Self-portrait in front of olive wallpaper (detail) ©Public domain
Paul Cezanne
French
"We live in a rainbow of chaos."
Did you know?
A striking curiosity about Paul Cézanne’s art market is that one version of The Card Players was sold in a private sale around 2011 for an estimated $250 million, making it one of the most expensive paintings ever sold. The buyer was widely reported to be the royal family of Qatar, who were building one of the world’s most ambitious national art collections.
Biography
Paul Cézanne is widely regarded as one of the most influential figures in the transition from 19th-century Impressionism to 20th-century modern art.
He was a French Post-Impressionist painter whose work introduced new modes of representation, influenced avant-garde artistic movements of the early 20th century and formed the bridge between late 19th-century Impressionism and early 20th-century Cubism.

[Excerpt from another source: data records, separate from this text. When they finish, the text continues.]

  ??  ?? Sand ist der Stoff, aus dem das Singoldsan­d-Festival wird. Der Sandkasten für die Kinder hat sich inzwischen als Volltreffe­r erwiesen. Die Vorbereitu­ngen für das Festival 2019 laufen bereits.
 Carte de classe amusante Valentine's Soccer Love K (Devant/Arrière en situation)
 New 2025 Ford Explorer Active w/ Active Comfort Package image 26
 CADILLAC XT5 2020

Although he exhibited with the Impressionists, Cézanne sought something more lasting than fleeting light effects, famously aiming to “make of Impressionism something solid and durable like the art of the museums.”
His work focused on structure, form, and geometry, reducing nature to cylinders, spheres, and cones, which radically changed how artists understood pictorial space.

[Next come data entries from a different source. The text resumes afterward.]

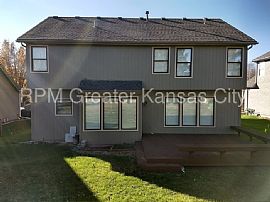 Single Family Home For Rent in Olathe, KS (Photo 12 of 12)
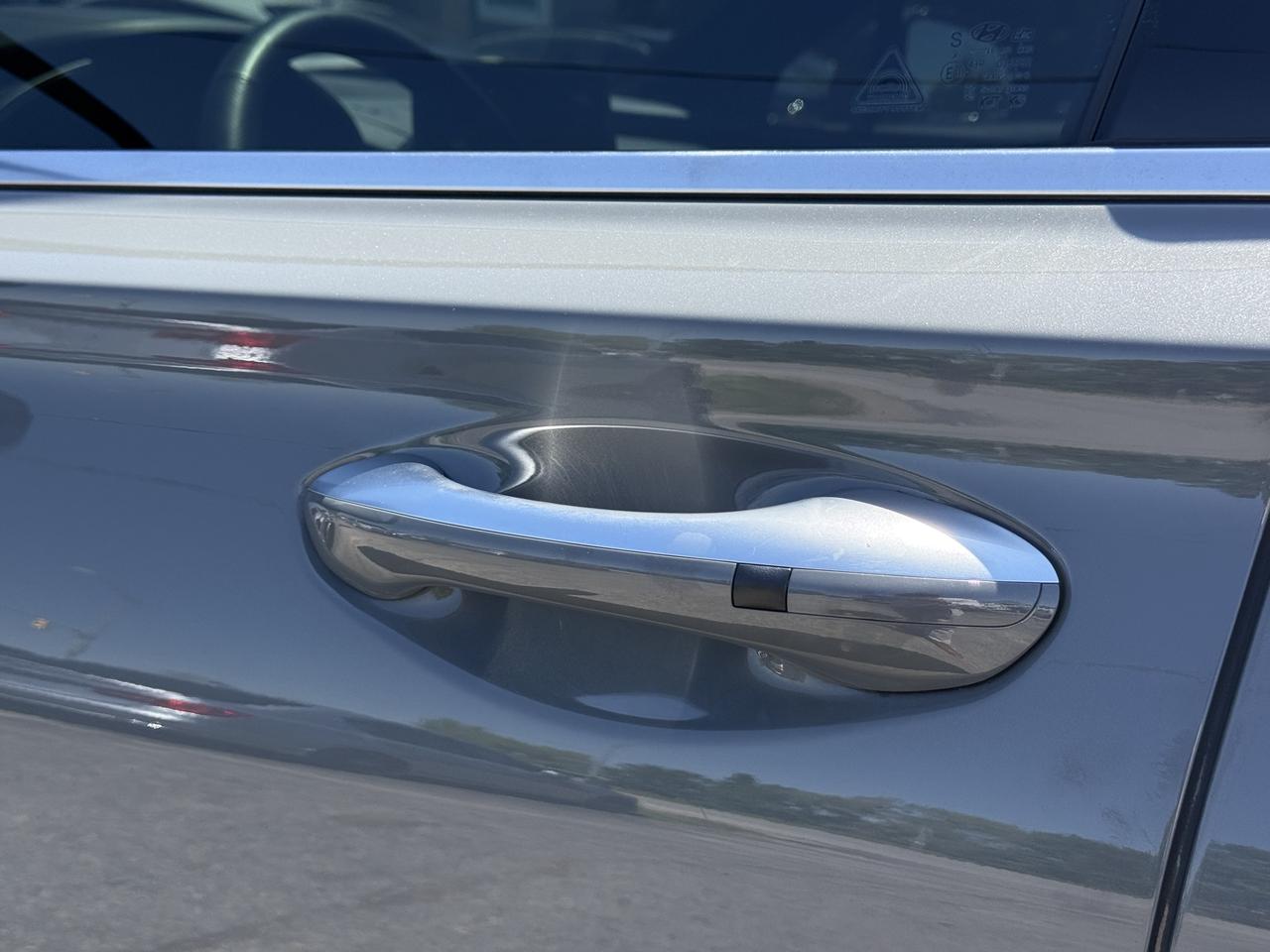 2021 Hyundai Santa Fe Ultimate Calligraphy Photo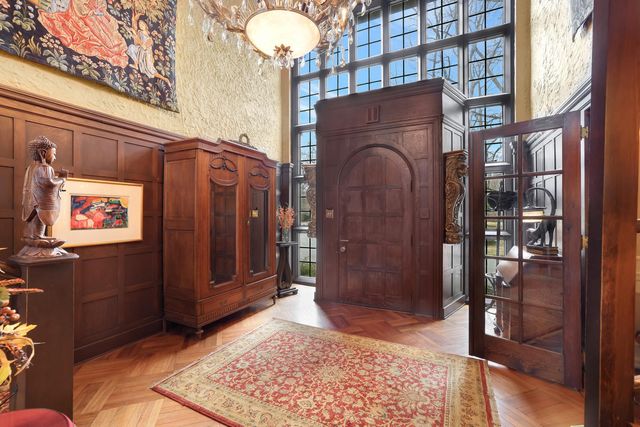 1001 N State Street, Monticello, IL 61856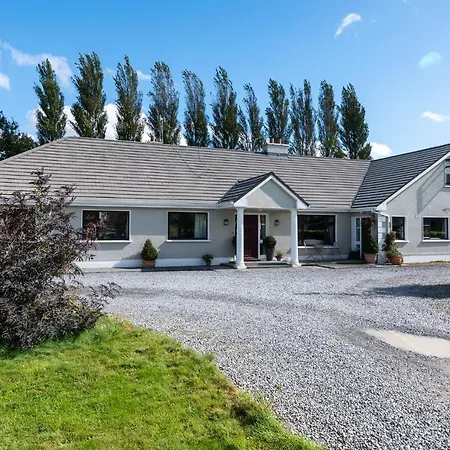 Ely House Nocleg ze śniadaniem 3*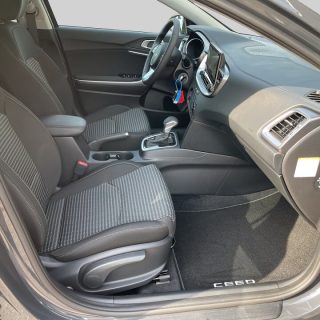 KIA ceed SW 1,5 TGDI Silber 48V DCT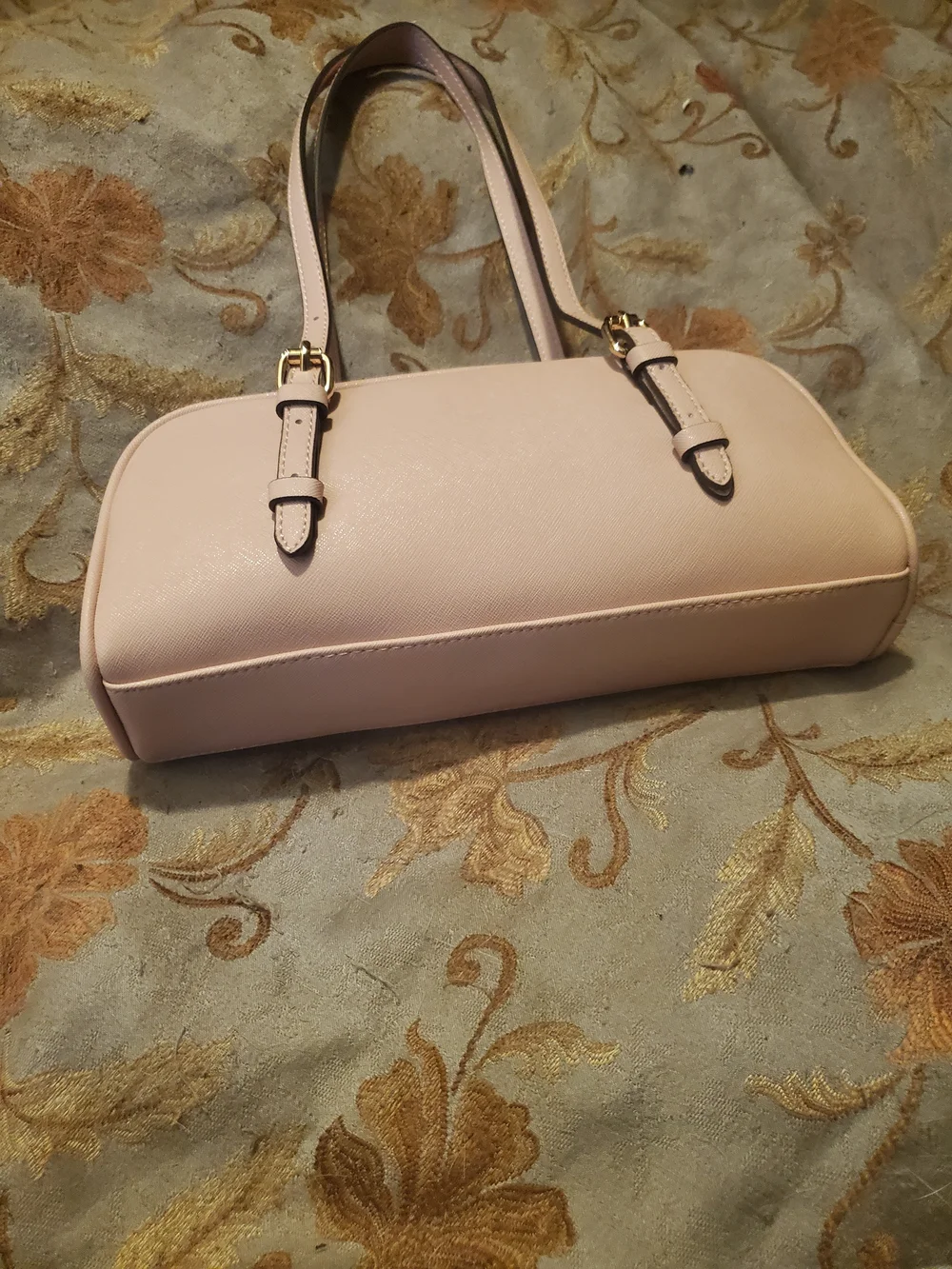 Guess chic tote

Cézanne’s innovative use of broken brushstrokes and shifting perspectives challenged traditional linear perspective and gave paintings a sense of internal tension and balance.
He played a crucial role in redefining still life, landscape, and portrait painting, turning everyday subjects into profound studies of form and perception.
His repeated studies of Mont Sainte-Victoire became a laboratory for exploring how color and form construct space.
Artists such as Pablo Picasso and Georges Braque openly acknowledged Cézanne as a foundational influence on the development of Cubism.
Beyond Cubism, his impact extends to Fauvism, Abstract art, and much of modern painting.
Initially misunderstood and criticized, Cézanne gained recognition late in life, especially after a major retrospective in 1907.
Today, he is considered the “father of modern art,” whose work permanently transformed the way artists see and represent the world.